The forecast had been for cloudy skies and a chance of mixed rain and snow. Not exactly good news for a fair-weather skate-skier like me. What we got was yet another blue-bird Tahoe day. It was cold enough at the start for some fast conditions, but warmed up to make things a little mushy by the end. (I guess the key here is to ski faster and you'll get good conditions the whole way!)
In addition to attracting talented skiers from all over the country, this race is one of those community events where I feel like I see every local I know: neighbors, friends, co-workers, students. It makes for an enjoyable day, and helps me remember that my goal here is fun, not competition.
The race starts in six different waves. You're assigned to a wave based on your previous finishing time at this race. (If you're a first timer, you have to start in the back.) The fast kids take off first, and each wave has progressively slower skiers until you get to what they call the "party wave." I ended up in my standard wave 4 - somewhere between the real racers and the partiers.
Racers start with their skis in the groomed tracks, and when that wave starts it's double-polling only (no skating) until you get a couple hundred yards out where the tracks end. Then, it's skate like mad through the wide stretch to try to get ahead of as many people as possible before the inevitable bottle-neck that occurs almost immediately. Since I always get my butt kicked at this race I don't take it too seriously. Thus, I always find this mayhem at the start to be terribly fun!

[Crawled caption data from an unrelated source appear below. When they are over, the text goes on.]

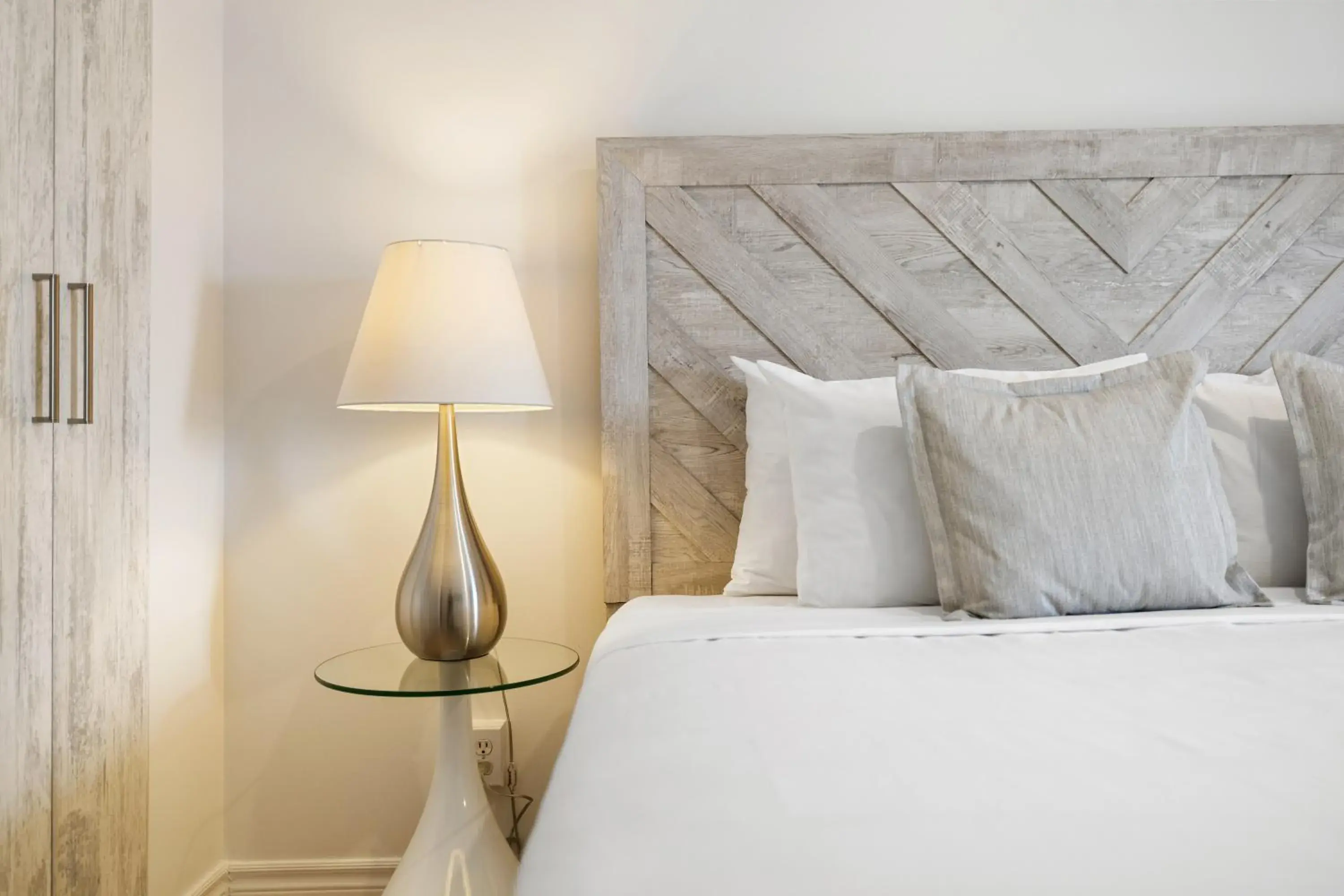 Superior Suite / Full Kitchen / Animals Not Permitted in Hotel Port-Royal Superior Suite / Full Kitchen / Animals Not Permitted in Hotel Port-Royal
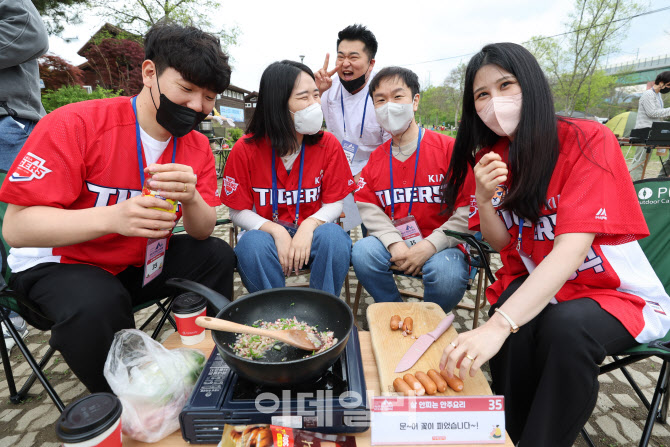 [포토]이원일 셰프와 함께하는 캠핑요리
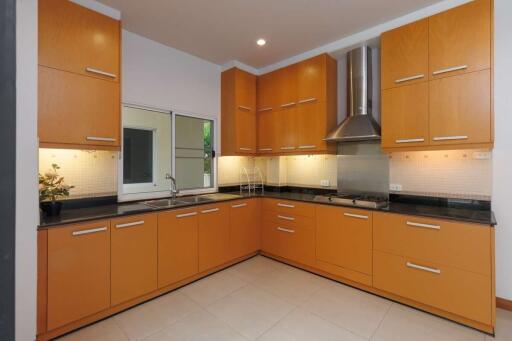 3 BR Family House To Rent: Lanna Pinery Hang Dong
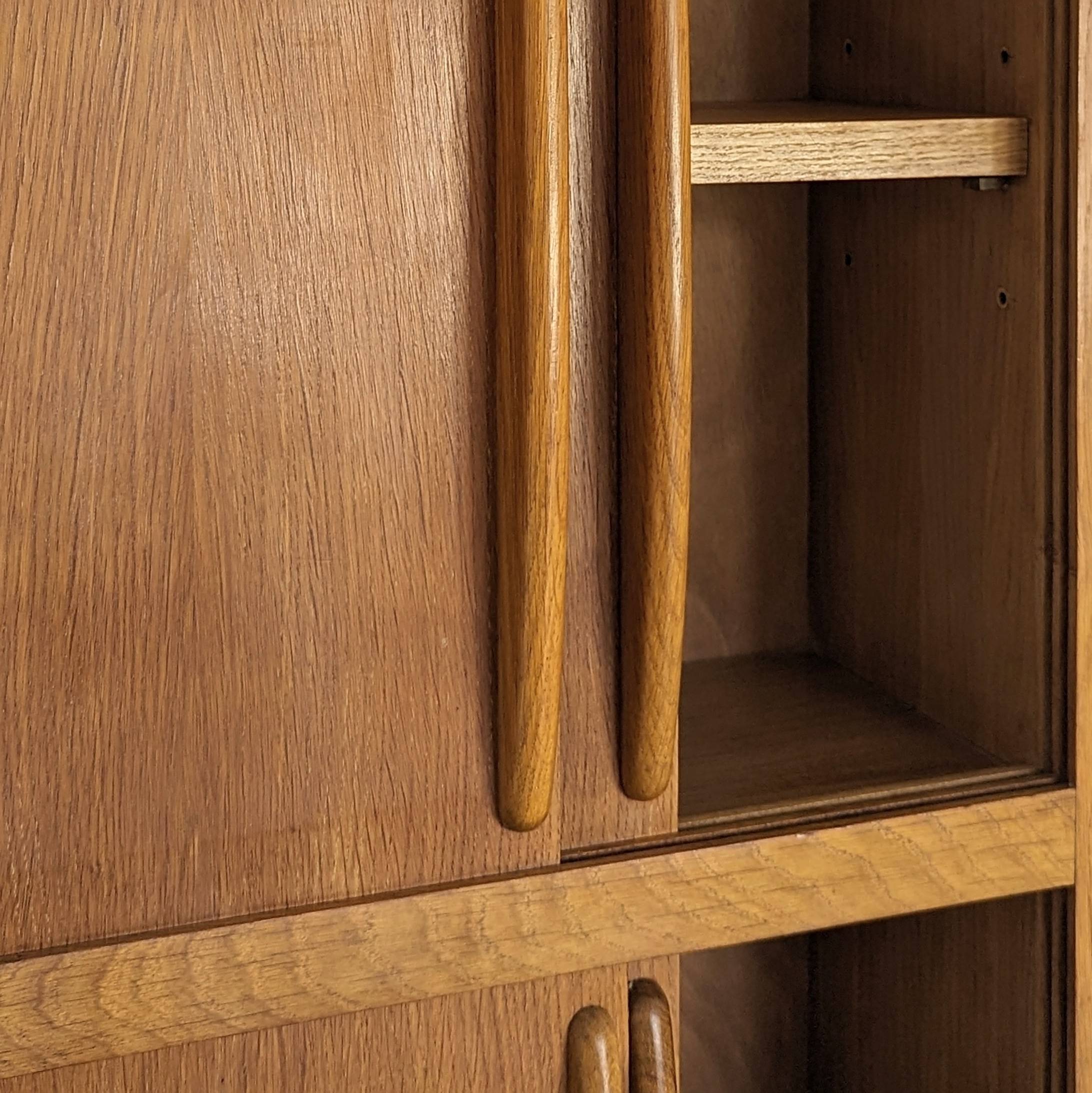 Vintage bookcase / display case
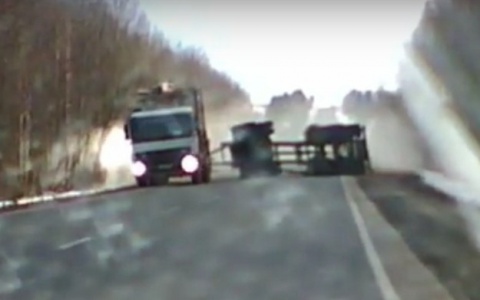 «Пункт назначения» по-Коми: на легковушку нёсся прицеп гружёного лесовоза (видео)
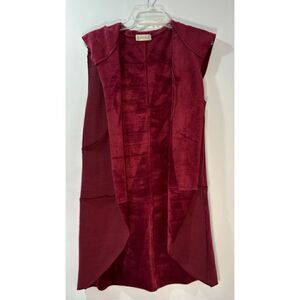 Altar’d State women’s burgundy fleece hooded cardigan size Small.  #40-1016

It's crazy to me that the race never really seems to thin out as much as I'd like. For the entire first 10K it seems like I'm knocking skis with people. This isn't a big deal, until you get a klutz like me tangling you up enough to cause a crash.
Aside from the glaring disadvantage that I have ghastly skating technique, this course works well for me mentally. The first 10K is all uphill, which is, of course, where I excel. I pass folks like mad all the way up. By the time I reach the top, all the hard stuff is over with, and I still get 20K of trail to enjoy.
The next 10K is downhill, and the last 10K is rolling. This, of course, is where everyone I passed on the way up kicks my spineless, fraidy-cat, I-suck-at-downhills booty. But the scenery is awesome!
Here's an extremely short clip of the trail. I had a rather tenuous grip on my camera, and knew I was risking a fall by trying to hold a camera and ski pole at the same time, so the footage is sub-par to say the least, but it gives you a little idea of the trail, anyway.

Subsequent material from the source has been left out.